What does the Bible say about the taking of oaths?
An oath has been defined as “a solemn, formal declaration or promise to fulfill a pledge, often calling on God . . . as witness.” It may be oral or written.
Some may think that it is wrong to take an oath because Jesus said: “Do not swear [an oath] at all . . . Just let your word ‘Yes’ mean yes, your ‘No,’ no, for what goes beyond these is from the wicked one.” (Matt. 5:33-37) Of course, Jesus knew that the Mosaic Law required certain oaths and that faithful servants of God had made sworn oaths. (Gen. 14:22, 23; Ex. 22:10, 11) He also knew that Jehovah himself swore oaths. (Heb. 6:13-17) So Jesus could not have meant that we should never take an oath. Rather, he was warning against taking oaths that are trivial or meaningless. We should view the keeping of our word as a sacred duty. We must mean what we say.

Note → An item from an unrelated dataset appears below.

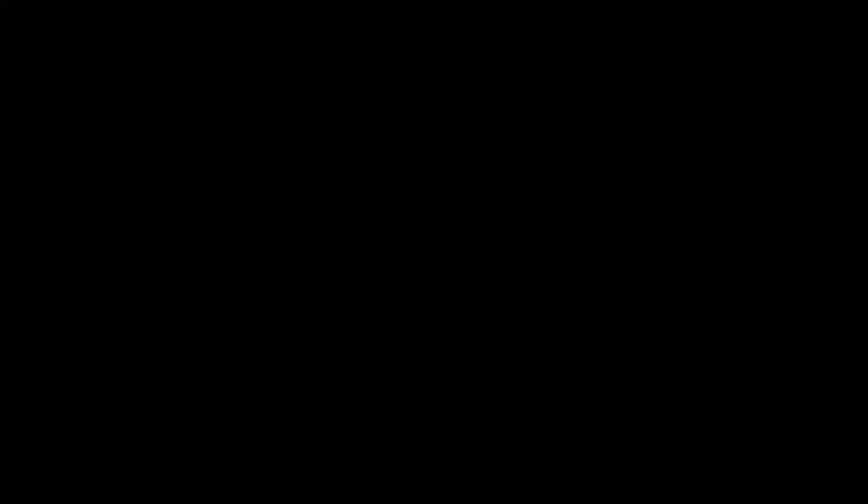Up front, this can be an involved install, and so if you do not feel comfortable, you can call us at Volquartsen and we will take care of it for you. For those of you who do feel comfortable, let's get started.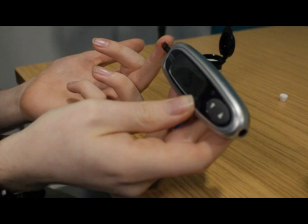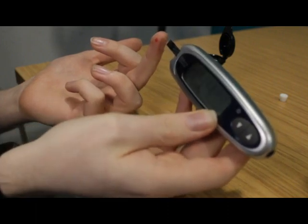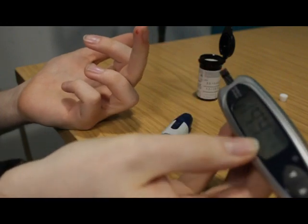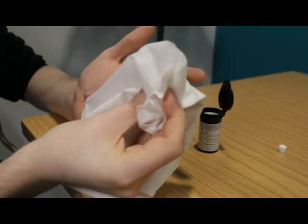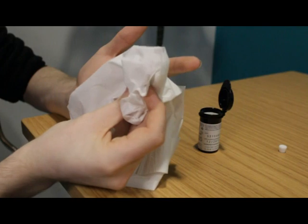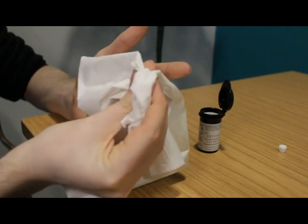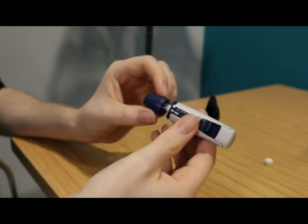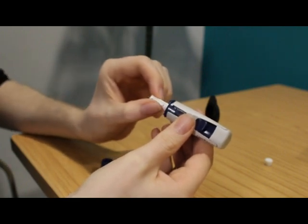After the puncture, hold the tip of the test strip in the drop of blood until the meter tells you the test strip is filled, usually by bleeping. Remove the test strip from the blood. Wipe the puncture site with a clean dry tissue and hold pressure on the puncture site until the bleeding stops. Remove the end cap from the lancing device and remove the used lancet and dispose of safely, such as putting it into a sharps bin.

What, then, should you do if you are asked to swear an oath? First, make sure you can do what you swear to do. If you are not sure, it would be best that you not take the oath. God’s Word warns: “Better for you not to vow than to vow and not pay.” (Eccl. 5:5) Next, consider Scriptural principles that relate to the oath, and then act in harmony with your trained conscience. What are some of these Scriptural principles?
Some oaths are compatible with God’s will. For example, Jehovah’s Witnesses exchange vows when being joined in marriage. These vows are a type of oath. Before God and eyewitnesses, the bride and the groom promise that they will love, cherish, and respect each other and that they will do so “for as long as [they] both may live.” (Other couples may not say these exact words when they marry, but they still make a vow before God.) They are then pronounced husband and wife, and their marriage is meant to be a lifelong bond. (Gen. 2:24; 1 Cor. 7:39) This arrangement is proper, fitting, and in harmony with God’s will.
Some oaths are in conflict with God’s will. A true Christian would not take such an oath as to defend a country with arms or to renounce faith in God. Doing so would violate God’s commandments. Christians are to be “no part of the world,” so we cannot get involved in its controversies and conflicts.—John 15:19; Isa. 2:4; Jas. 1:27.
Some oaths are a matter of conscience. At times, we may need to evaluate an oath carefully in the light of Jesus’ counsel to “pay back Caesar’s things to Caesar but God’s things to God.”—Luke 20:25.
Suppose, for example, that a Christian applies for citizenship or for a passport and he learns that he is required to take an oath of allegiance. If in that country such an oath means swearing to act in a way clearly contrary to God’s law, his Bible-trained conscience would not allow him to take it. The government, however, may allow him to modify the wording of the oath to accommodate his conscience.
Taking a modified oath of allegiance may be in harmony with the principle found at Romans 13:1, which says: “Let every person be in subjection to the superior authorities.” So the Christian may decide that there is nothing objectionable about swearing to do something that God already obligates one to do.
Conscience also plays a role if you are asked to use an object or to make a gesture while swearing an oath. The ancient Romans and Scythians swore by their swords, invoking the power of a war god as a guarantee of the person’s trustworthiness. The Greeks raised a hand to heaven when taking an oath. They thus recognized that there is a divine power who observes what is said and what is done and to whom humans are accountable.
Of course, a servant of Jehovah would not swear on any national emblem connected to false worship. But what if you are asked in a court of law to place your hand on a Bible and swear to give truthful testimony? In that case, you may decide to do so, since the Scriptures tell of faithful ones who accompanied an oath with a gesture. (Gen. 24:2, 3, 9; 47:29-31) It is important to remember that if you take such an oath, you are swearing before God that you will tell the truth. You need to be prepared to answer truthfully any question that may be asked of you.
Because we treasure our relationship with Jehovah, we should prayerfully consider any oath we are asked to take, making sure that it will not violate our conscience or Bible principles. If you decide to take an oath, you must be sure to keep it.—1 Pet. 2:12.